Há mais personagens que têm um papel importante na trama, como o autarca que desvaloriza a situação (onde é que eu já vi isto!!!), o restante pessoal médico que trabalha horas a fio, o investigador que luta para encontrar uma cura e até pessoas que aproveitam a desgraça para, no mercado negro, ganharem dinheiro seja a vender produtos de primeira necessidade que logo esgotaram nas prateleiras dos supermercados, seja a cobrar dinheiro a pessoas que tentam furar a fronteira para fugir de Orão.

 

Paralelo histórico

Fui investigar um pouco e percebi que ‘A Peste’ é uma espécie de metáfora da II Guerra Mundial.
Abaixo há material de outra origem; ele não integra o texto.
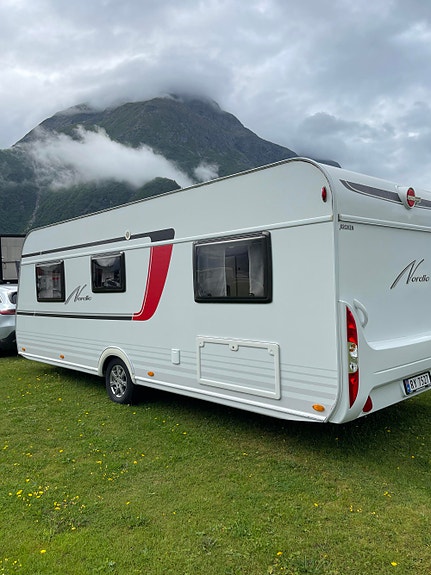 Bürstner Averso Nordic 580 TS HØSTKAMPANJE! Lyst skinn / skapseng / Dusj 5 of 25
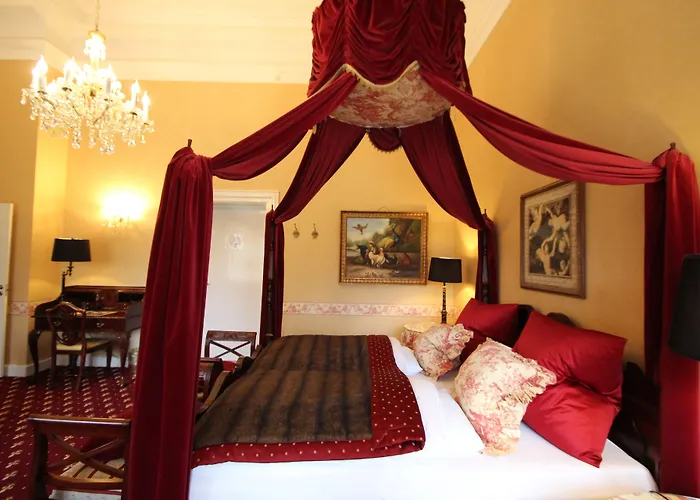 Hvedholm Slotshotel Hotel Faaborg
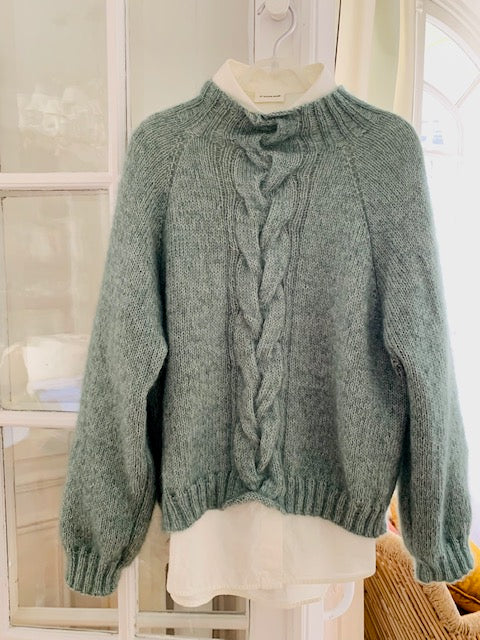 Busan Sweater green: Pull Torsadé modèle Danois en laine fait mains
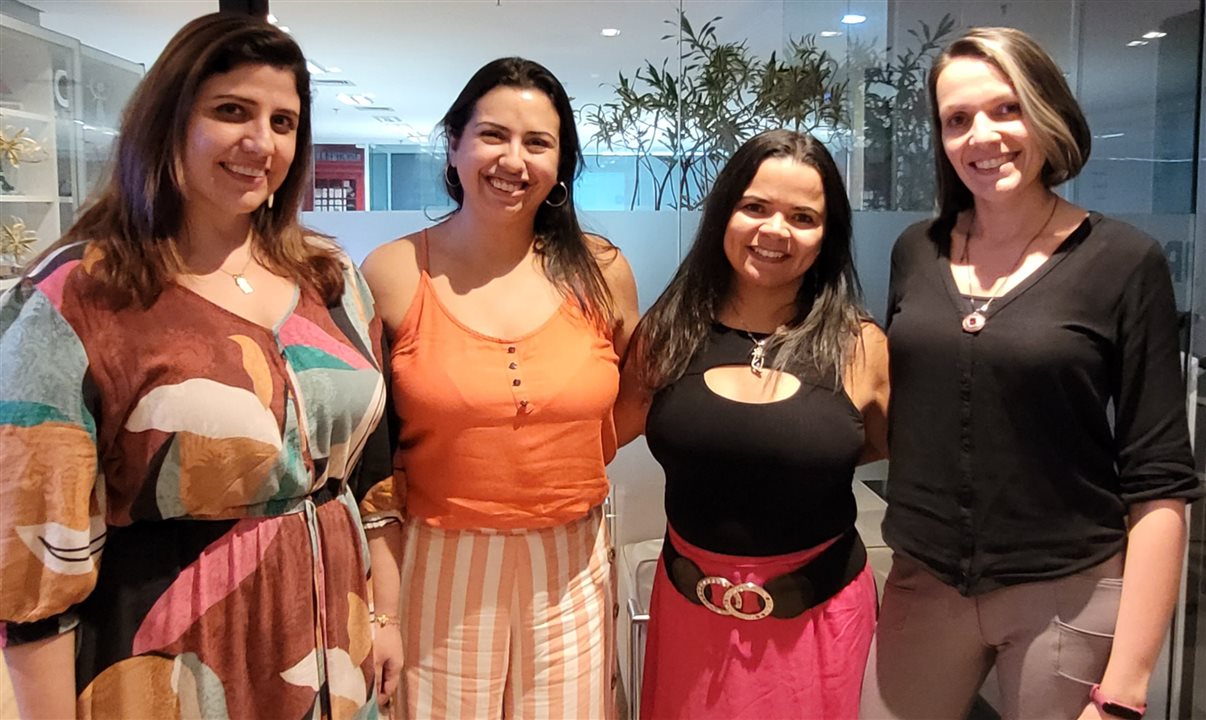 Mariana Rossi (Marketing), Bruna Sanchez (Incentivo), Silvana Oliveira (Operações), Juliana Polito (Marítimo)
Fiz esta investigação depois de ler o livro – não gosto de fazer esta pesquisa antes de ler para não ser influenciada e absorver das obras aquilo que sou capaz por mim mesma, pelo meu raciocínio.

Confesso que não descortinei esta crítica nas entrelinhas à Segunda Guerra Mundial e creio que tal não aconteceu por estar constantemente a fazer uma comparação com os tempos que vivemos.

Mas depois de saber o intuito da obra consegui ler as entrelinhas: a prisão em que as pessoas viveram reclusas nas suas próprias casas; os corpos das vítimas mortais a aumentarem a cada dia ao ponto de as autoridades municipais optarem pela incineração das mesmas; o mercado paralelo (tal como li n’O Tatuador de Auschwitz’) entre outros aspetos.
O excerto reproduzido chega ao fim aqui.